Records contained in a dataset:

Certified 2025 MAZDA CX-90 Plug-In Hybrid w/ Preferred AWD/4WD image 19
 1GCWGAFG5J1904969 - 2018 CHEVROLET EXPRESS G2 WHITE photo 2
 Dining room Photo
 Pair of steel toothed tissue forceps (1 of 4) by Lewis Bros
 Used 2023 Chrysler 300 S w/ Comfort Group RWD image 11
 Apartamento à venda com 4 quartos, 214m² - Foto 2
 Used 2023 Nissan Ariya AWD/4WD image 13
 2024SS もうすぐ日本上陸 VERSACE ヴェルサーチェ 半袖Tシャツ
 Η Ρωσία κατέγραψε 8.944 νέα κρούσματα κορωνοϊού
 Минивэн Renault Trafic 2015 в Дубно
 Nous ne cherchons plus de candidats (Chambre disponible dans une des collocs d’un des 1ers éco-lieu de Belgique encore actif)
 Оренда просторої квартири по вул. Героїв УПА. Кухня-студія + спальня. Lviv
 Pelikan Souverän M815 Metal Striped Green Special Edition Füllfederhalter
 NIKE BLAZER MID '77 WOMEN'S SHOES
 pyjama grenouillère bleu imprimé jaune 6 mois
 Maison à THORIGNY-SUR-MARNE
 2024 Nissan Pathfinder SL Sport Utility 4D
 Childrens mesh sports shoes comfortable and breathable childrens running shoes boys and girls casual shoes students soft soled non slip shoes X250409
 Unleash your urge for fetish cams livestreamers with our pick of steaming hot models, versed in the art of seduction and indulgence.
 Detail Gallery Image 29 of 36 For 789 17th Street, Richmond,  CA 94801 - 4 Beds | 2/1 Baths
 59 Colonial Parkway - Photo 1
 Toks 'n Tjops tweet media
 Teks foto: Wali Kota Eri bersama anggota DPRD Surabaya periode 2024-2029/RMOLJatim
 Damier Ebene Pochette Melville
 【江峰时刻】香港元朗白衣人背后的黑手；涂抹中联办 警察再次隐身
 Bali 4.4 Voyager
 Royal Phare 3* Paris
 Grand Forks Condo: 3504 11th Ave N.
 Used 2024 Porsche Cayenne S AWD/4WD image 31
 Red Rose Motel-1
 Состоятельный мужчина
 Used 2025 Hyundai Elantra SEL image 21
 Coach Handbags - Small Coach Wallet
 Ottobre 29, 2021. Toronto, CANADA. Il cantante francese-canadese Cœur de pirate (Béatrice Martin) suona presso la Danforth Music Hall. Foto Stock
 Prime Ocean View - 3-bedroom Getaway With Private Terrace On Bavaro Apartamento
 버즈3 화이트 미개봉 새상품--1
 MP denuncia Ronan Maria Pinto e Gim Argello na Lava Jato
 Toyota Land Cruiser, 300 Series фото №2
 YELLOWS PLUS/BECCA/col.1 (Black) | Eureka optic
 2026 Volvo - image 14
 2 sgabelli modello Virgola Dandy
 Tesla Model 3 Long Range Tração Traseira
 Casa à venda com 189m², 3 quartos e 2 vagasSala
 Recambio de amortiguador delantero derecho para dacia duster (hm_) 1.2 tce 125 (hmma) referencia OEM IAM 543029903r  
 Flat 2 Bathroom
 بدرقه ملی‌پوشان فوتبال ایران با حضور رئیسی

• _INSTRUCTIONS TO FOLLOW_
Reproduce the records above exactly, starting with the line that contains "Coach Handbags - Small Coach Wallet" and ending with the last line.

• _SOLUTION TO THIS PROBLEM_
 Coach Handbags - Small Coach Wallet
 Ottobre 29, 2021. Toronto, CANADA. Il cantante francese-canadese Cœur de pirate (Béatrice Martin) suona presso la Danforth Music Hall. Foto Stock
 Prime Ocean View - 3-bedroom Getaway With Private Terrace On Bavaro Apartamento
 버즈3 화이트 미개봉 새상품--1
 MP denuncia Ronan Maria Pinto e Gim Argello na Lava Jato
 Toyota Land Cruiser, 300 Series фото №2
 YELLOWS PLUS/BECCA/col.1 (Black) | Eureka optic
 2026 Volvo - image 14
 2 sgabelli modello Virgola Dandy
 Tesla Model 3 Long Range Tração Traseira
 Casa à venda com 189m², 3 quartos e 2 vagasSala
 Recambio de amortiguador delantero derecho para dacia duster (hm_) 1.2 tce 125 (hmma) referencia OEM IAM 543029903r  
 Flat 2 Bathroom
 بدرقه ملی‌پوشان فوتبال ایران با حضور رئیسی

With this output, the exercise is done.